Senator JONES of Washington. I wish you would give for the apartments where that has been done?

Mr. WHALEY. Yes, sir. We had a case where that was done and we carried it up to the district attorney and had him prosecute the matter in the municipal court. The man was fined. That was the Princeton apartment house up on W Street.

Senator JONES of Washingon. Is that the only instance?
Mr. WHALEY. That is one instance.

Senator JONES of Washington. I wish you would give for the record a list of those instances.

Let me suggest this, that it be understood that the record of this hearing be printed in the morning, so we may get it, and that it be not held out for revision or anything like that, but that we have the hearings printed so we may get them the next morning after the hearing is had.

Mr. WHALEY. I think in this case we fixed the rent of the apartment at $42.50. My recollection of it is that it consisted of three rooms, kitchen, and bath. They cut off one of the rooms and charged something like $90 for the same area. They got from the two apartments, so to speak, $90 instead of the amount fixed by the commission. The object of the section is simply that where a rent has been fixed on an apartment no additional charge shall be made for that area, no matter whether it is subdivided into two apartments or rooms or anything else, unless application is made to the commission to refix it on those rooms. That is the whole object of the section.

Representative BLANTON. Suppose you had three rooms, kitchen, and bath poorly furnished, unpainted, unpapered, the plumbing fixtures in a very insanitary condition, and you fix a rental of $42.50 which you say you fixed in this case. I presume that is the case by reason of the rental you fixed. The landlord goes in there and renovates one of the large rooms, has it repapered, repainted, with splendid new furniture put in it, and everything about it first class, and he then rents that room for $40 a month. Does the chairman of the Rent Commission mean to say that in such a case as that the owner of the property has to come down and get permission from somebody to do that?

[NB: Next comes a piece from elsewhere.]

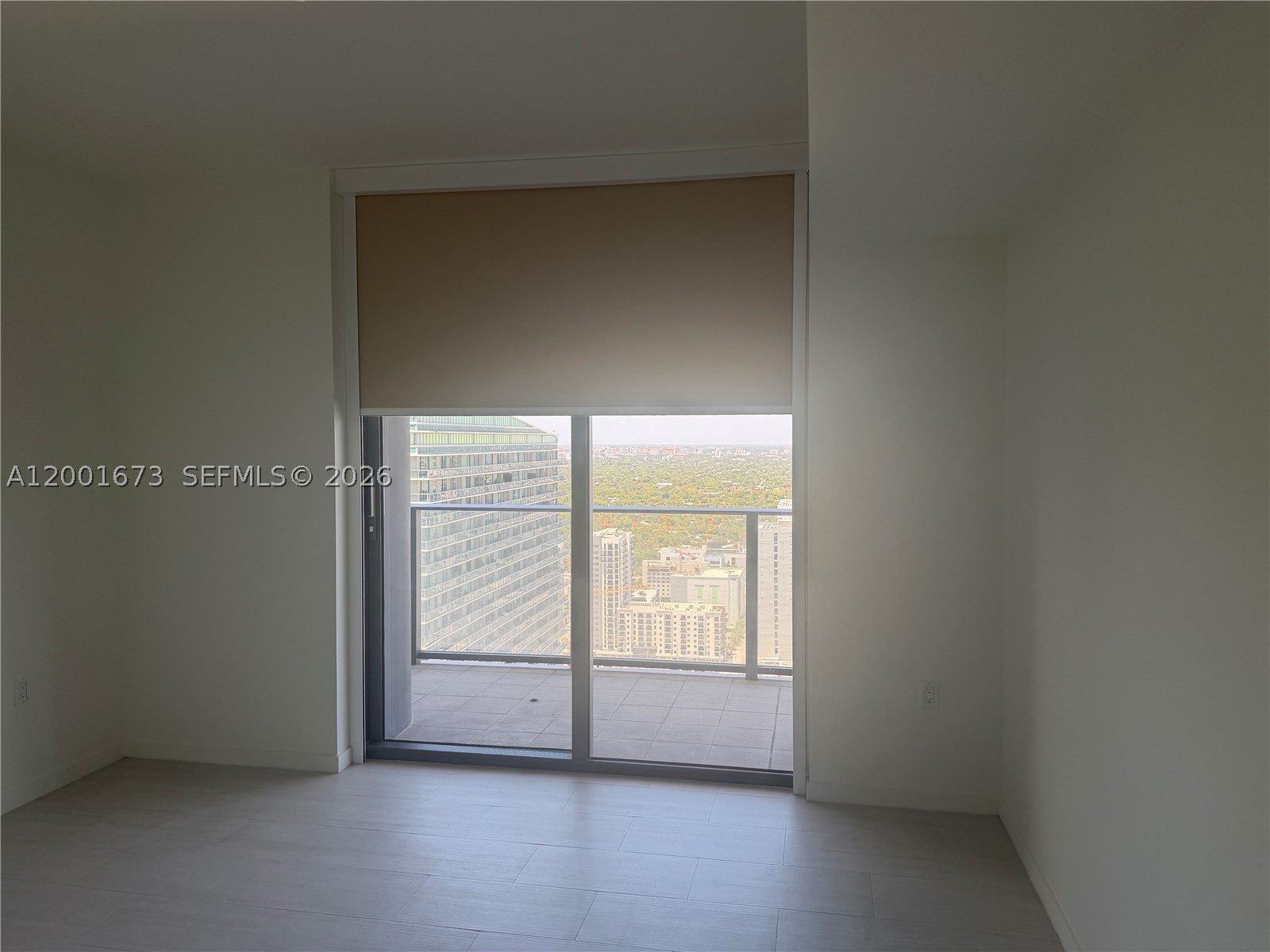 1000 Brickell Plz #3904, Miami FL 33131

Mr. WHALEY. All he has to do is the regular procedure of applying to the commission to refix the rent on that apartment. It is a summary proceeding. He files a petition one day and we immediately go and inspect the property and refix the rent and give credit for everything he has done.

Representative BLANTON. Then if I understand the chairman no owner in a city of 437,000 inhabitants, the Nation's Capital, would ever be permitted to rent an apartment once the rent was fixed by the Rent Commission without its further permission?

Mr. WHALEY. No, sir, because it is a case where the rent has been fixed and he has no right to change it unless the commission changes it for him. If we did not have such a provision as that it would simply be impossible to enforce the law.

Mr. GORE. I did not quite understand the statement. May I ask a question at this point?

The CHAIRMAN. I think that so far as the hearing is concerned only members of the committee should be entitled to ask questions. You will have your hearing later, Mr. Gore.

Representative HAMMER. Permit me to suggest that after the witness closes and completes his direct testimony, Senator Gore should have an opportunity to ask such questions as he sees proper. I think it will facilitate matters very much if we give him a reasonable length of time. I merely make that suggestion.

The CHAIRMAN. My only objection to that procedure is that we have only two hours in which to hear the members of the Rent Commission. The time is fixed and published for the other hearings, and we must get through within the time limit.

Representative HAMMER. But would it not expedite matters and facilitate matters very greatly if at the close of Mr. Whaley's direct testimony Mr. Gore be permitted to ask certain questions?

The CHAIRMAN. That is for the committee to decide, but personally I should not think so.

Representative BLANTON. If we had plenty of time that would be the case, but all of the spare time the committee has in those two hours will probably be occupied by members of the committee. I want to ask some questions myself as a member of the committee. I am going to cover the ground pretty thoroughly when I get to asking questions.

Representative HAMMER. I think we will get along better to wait until he completes his direct statement anyway.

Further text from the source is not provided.